Neal, I'll email Keith email address.


----------



## Flashharry (Feb 20, 2007)

strange_too said:


> Neal, I'll email Keith email address.


thanks Howard


----------



## KEITHT (Dec 2, 2007)

Flashharry said:


> strange_too said:
> 
> 
> > Neal, I'll email Keith email address.
> ...


Neal.

Accidently deleted your mail and cannot retreive it...can you resend.

Keith


----------



## strange_too (Feb 19, 2007)

Keith I've sent you Neal's addy.


----------



## Flashharry (Feb 20, 2007)

Keith

I've resent the e-mail

Neal


----------



## Flashharry (Feb 20, 2007)

Thanks everybody, especially Keith for helping me get one of these.


----------



## Agent orange (Feb 11, 2006)

Flashharry said:


> Thanks everybody, especially Keith for helping me get one of these.


Congratulations Neal, now where are the photos?

Cheers,

Gary


----------



## Flashharry (Feb 20, 2007)

Is being delivered to work tomorrow or Friday, will post pictures when I get it Gary, Happy New Year to you too mate.


----------



## Agent orange (Feb 11, 2006)

Good stuff Neal, I'll look forward to seeing it. Glad you got yourself one and what a great start to 2008. Hope you had a great Christmas and here's to a watch filled New Year.

Cheers,

Gary


----------



## Toshi (Aug 31, 2007)

Finally joined the club and can post on the electric watch forum.









After reading through posts by Jon and Gary I started looking around and came accross this one just before Christmas. The little beauty arrived a few minutes ago and is humming away.










_pic borrowed from the seller - will take some myself this weekend_

My biggest concern was that the bracelet was going to be too small, but fortunately it fits nicely. A few swirlies but generally appears to be in good order.

Rich


----------



## strange_too (Feb 19, 2007)

Very nice Rich.

I had my eye on that, to see what they where selling for.


----------



## Agent orange (Feb 11, 2006)

Excellent news Rich and well done, that looks a beauty







. I'll look forward to seeing the photos.

I'm going to put mine on now to show some SM120 f300 solidarity







.

Congrats again and wear it well my friend.

Cheers,

Gary


----------



## Toshi (Aug 31, 2007)

strange_too said:


> Very nice Rich.
> 
> I had my eye on that, to see what they where selling for.


Funny isn't it, but whenever I buy a watch from eBay I always set a top price and when I win it's _always_ close to that limit. I think This came in about $10 short of what I allowed for it. Never seem to get a bargain on the Bay anymore.

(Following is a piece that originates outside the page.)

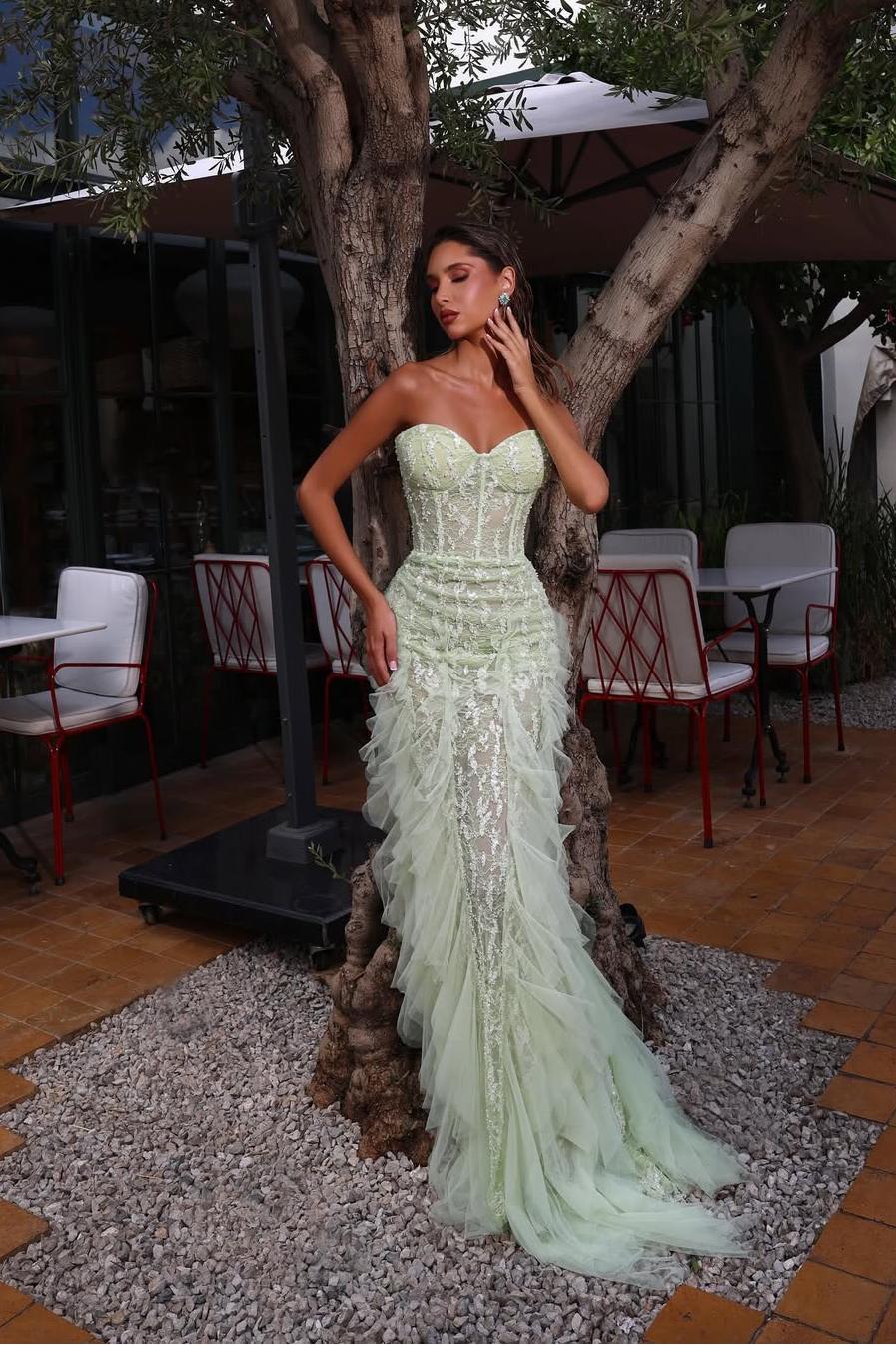 Lussooy Luxury Lace Mint Green Sleeveless Sweetheart Strapless Tulle Prom Dress with Pleated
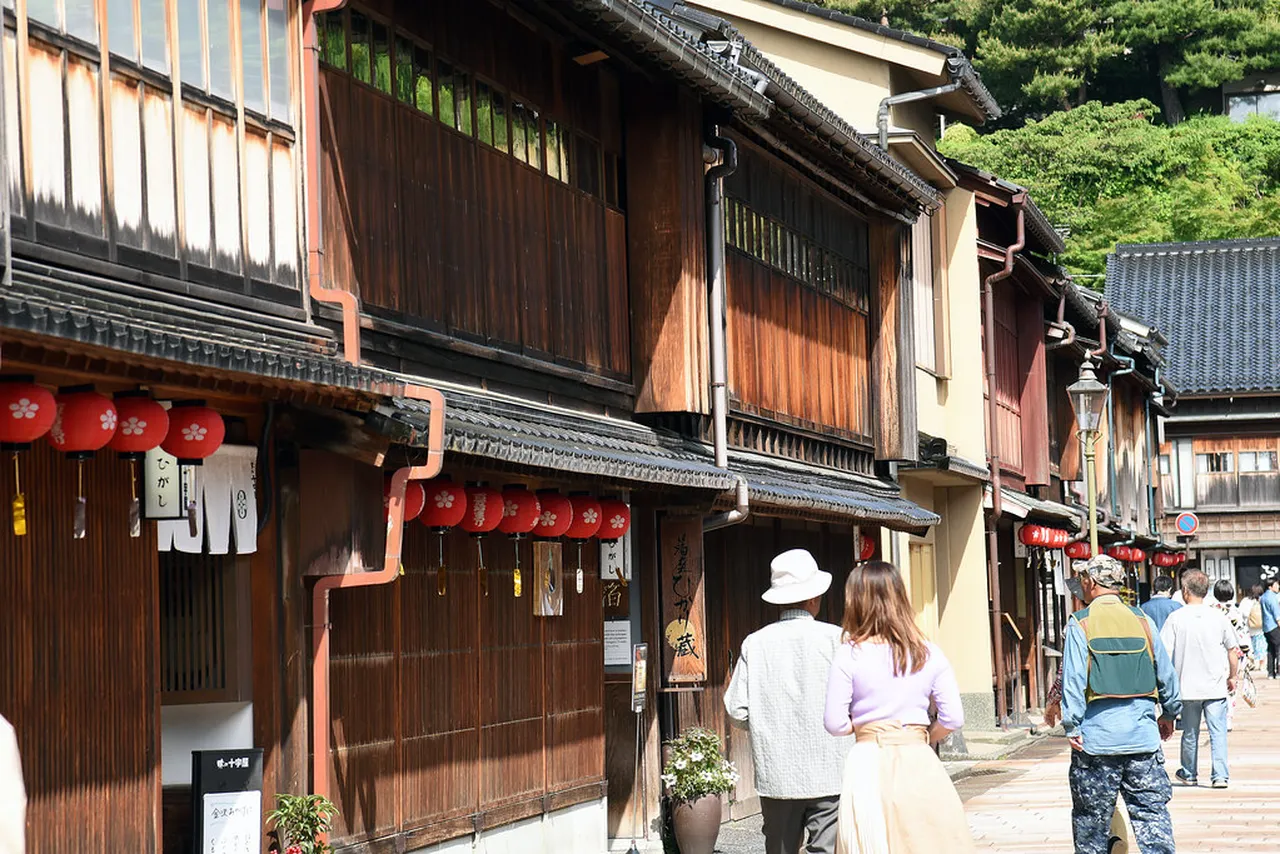 2. Kanazawa Castle: A Glimpse into Feudal Japan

Happy with the watch though











Agent orange said:


> Excellent news Rich and well done, that looks a beauty
> 
> 
> 
> ...


Gary, just don't expect the pics to be to your standard









I might ask you for Keith's details. The watch seems fine, but for my piece of mind I might ask him to give it a service









Rich


----------



## Agent orange (Feb 11, 2006)

Rich, I've just sent you Keith's details. If you get in touch say hi from me.

Cheers,

Gary


----------



## Flashharry (Feb 20, 2007)

It's arrived, I now have my SM120 f300 strapped to my wrist, will post some pictures at the weekend. Its a stunning looking watch.

Thanks to Keith and everybody else.









P.s. you know there is another SM120 f300 without the bezel and with a thicker case, do you know how much these usually go for ?


----------



## Agent orange (Feb 11, 2006)

Uh - oh, I think someone's got the bug























Looking forward to the pics Neal, congratulations.

Cheers,

Gary


----------